• WHAT IS REQUIRED:
Return the lines that run from the beginning of the entries to the line holding "Greetings and welcome", inclusive, and drop the pictures.
====
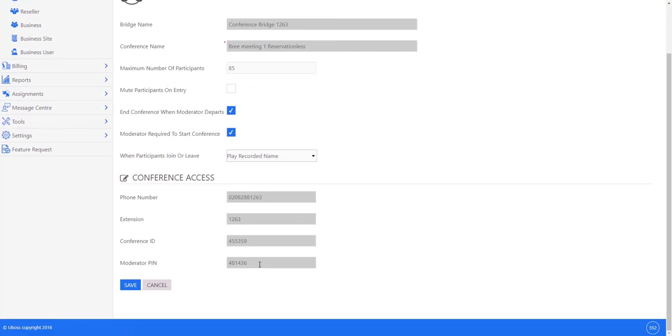Below that is the moderator pin - that's the pin code entered by the owner of the conference bridge and which will indicate the start of the conference. There are several settings that can be used to change the way in which the conference bridge works.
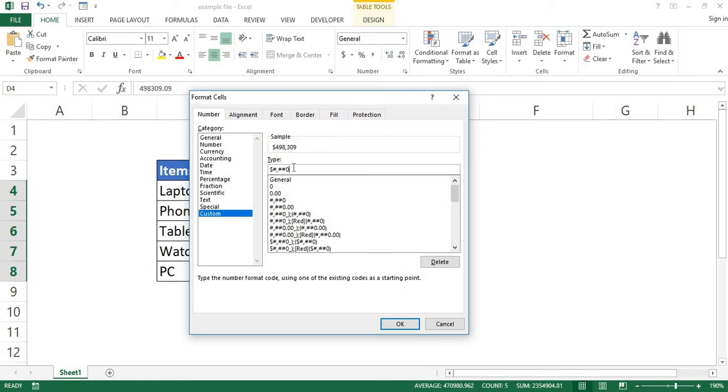Now add a comma at the end of the custom number format and observe carefully what happens to the sample numbers in the sample box. You'll notice in the sample box that Excel got rid of the last three figures, leaving the figures only in thousands. So to make your data clear for people to understand, you could indicate in the title of your report by adding three zeros.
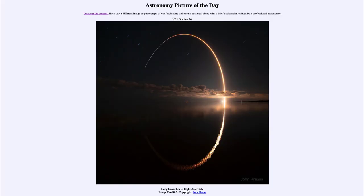Greetings and welcome to the introduction to astronomy. One of the things I like to do in each of my introductory astronomy classes is to begin the class with the Astronomy Picture of the Day from the NASA website, that is apod.nasa.gov/apod.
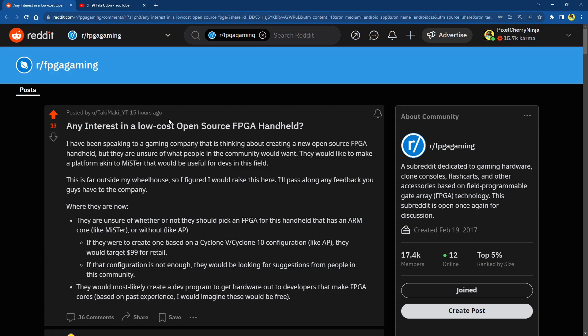But that's really it for this video, guys. I wanted to bring this post in particular to your attention. And if you want to get involved, leave your comment here. Speak to Taki. Let's get all this information out there. And hopefully, I really hope this actually becomes something and we get ourselves an open source FPGA handheld with plenty of developers porting cores, making cores, just something, a new handheld for us to play. Anyway, if you did enjoy this video, then thumbs up, subscription, all that good stuff is super appreciated. I'll see you guys around. This is PixelCherryNinja out.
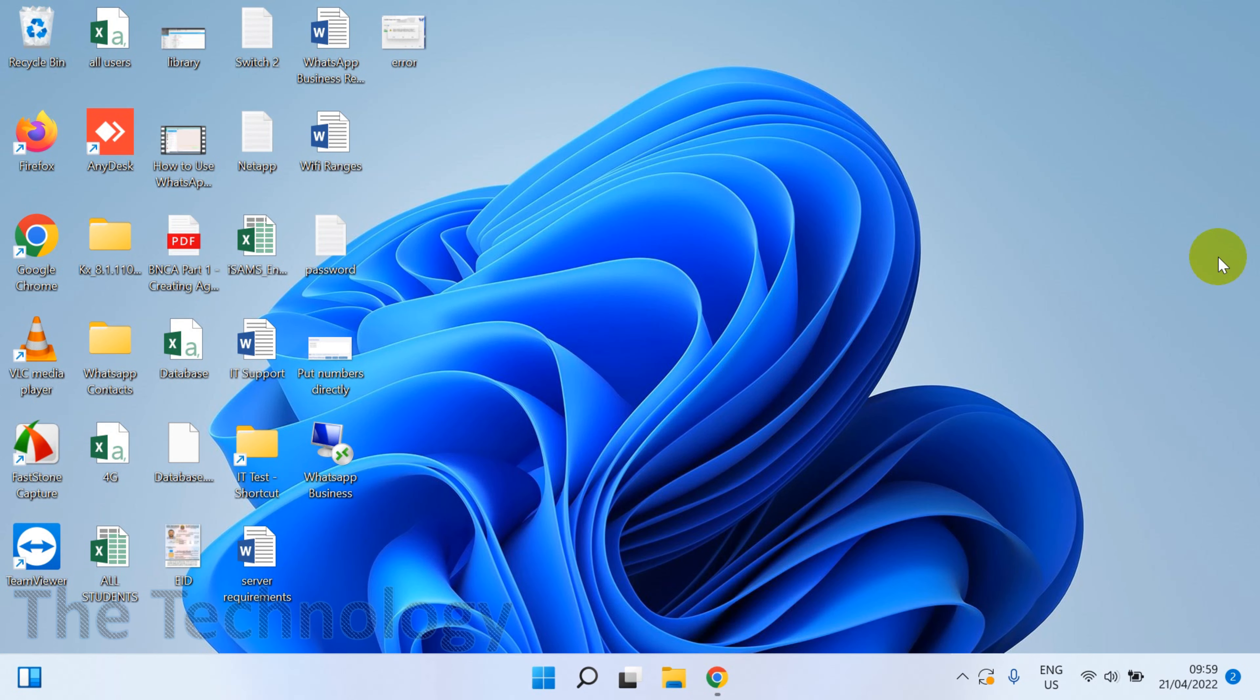You can see here once you install Windows 11, all the options like the start screen, start button, and search, everything will be in the middle. If you want to move it to the left side like normal in Windows 7 or Windows 10, you can do this.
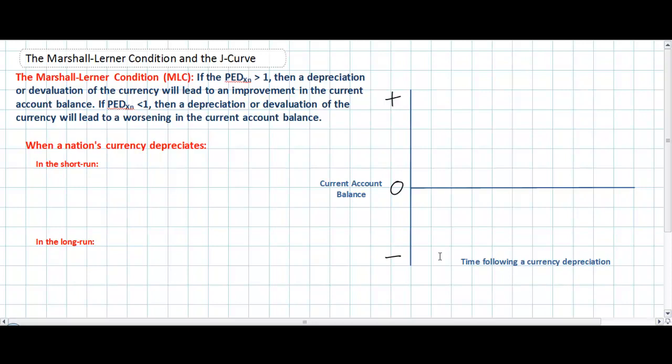In this lesson we're going to talk about a theory known as the J-curve. This applies to the effect that a depreciation of a nation's currency will have on that nation's current account balance in its balance of payments over the period of time following the currency's depreciation.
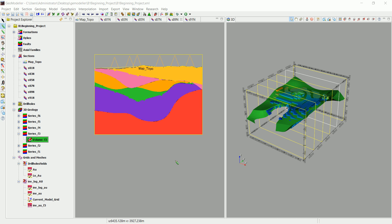Okay, now we've interpolated that attribute AU, which is the gold attribute, inside that specific formation which is the F3 only.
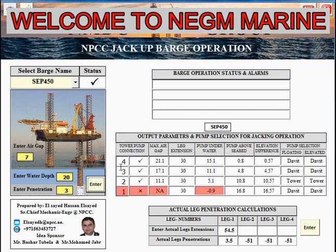Here there are three options for the tower pump connection, and each connection shows what elevation you can achieve. Initially you have seven meters elevation, but if you use connection number two you can go up to 11.1 meters. This is also important for saving operation time, because if you need to change from connection to connection you have to make a complete jacking operation. If you go for another connection you can achieve an even higher elevation.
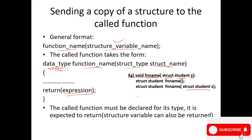So that is an example: structure student — the return type is the structure type and the function name, then pass the structure object. If returning, the return type is the structure and it is the same type used in the function definition.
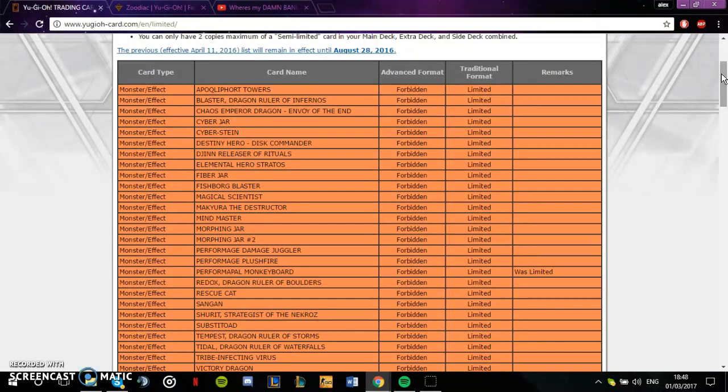I'm sitting here like my main deck at the moment is Shiranui and I'm playing that a lot. I don't know if I should get myself two PSY-Framelord Omegas because next week PSY-Framelord Omega could be put to one.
====
• THE ANSWER:
Below that is the moderator pin - that's the pin code entered by the owner of the conference bridge and which will indicate the start of the conference. There are several settings that can be used to change the way in which the conference bridge works.
Now add a comma at the end of the custom number format and observe carefully what happens to the sample numbers in the sample box. You'll notice in the sample box that Excel got rid of the last three figures, leaving the figures only in thousands. So to make your data clear for people to understand, you could indicate in the title of your report by adding three zeros.
Greetings and welcome to the introduction to astronomy. One of the things I like to do in each of my introductory astronomy classes is to begin the class with the Astronomy Picture of the Day from the NASA website, that is apod.nasa.gov/apod.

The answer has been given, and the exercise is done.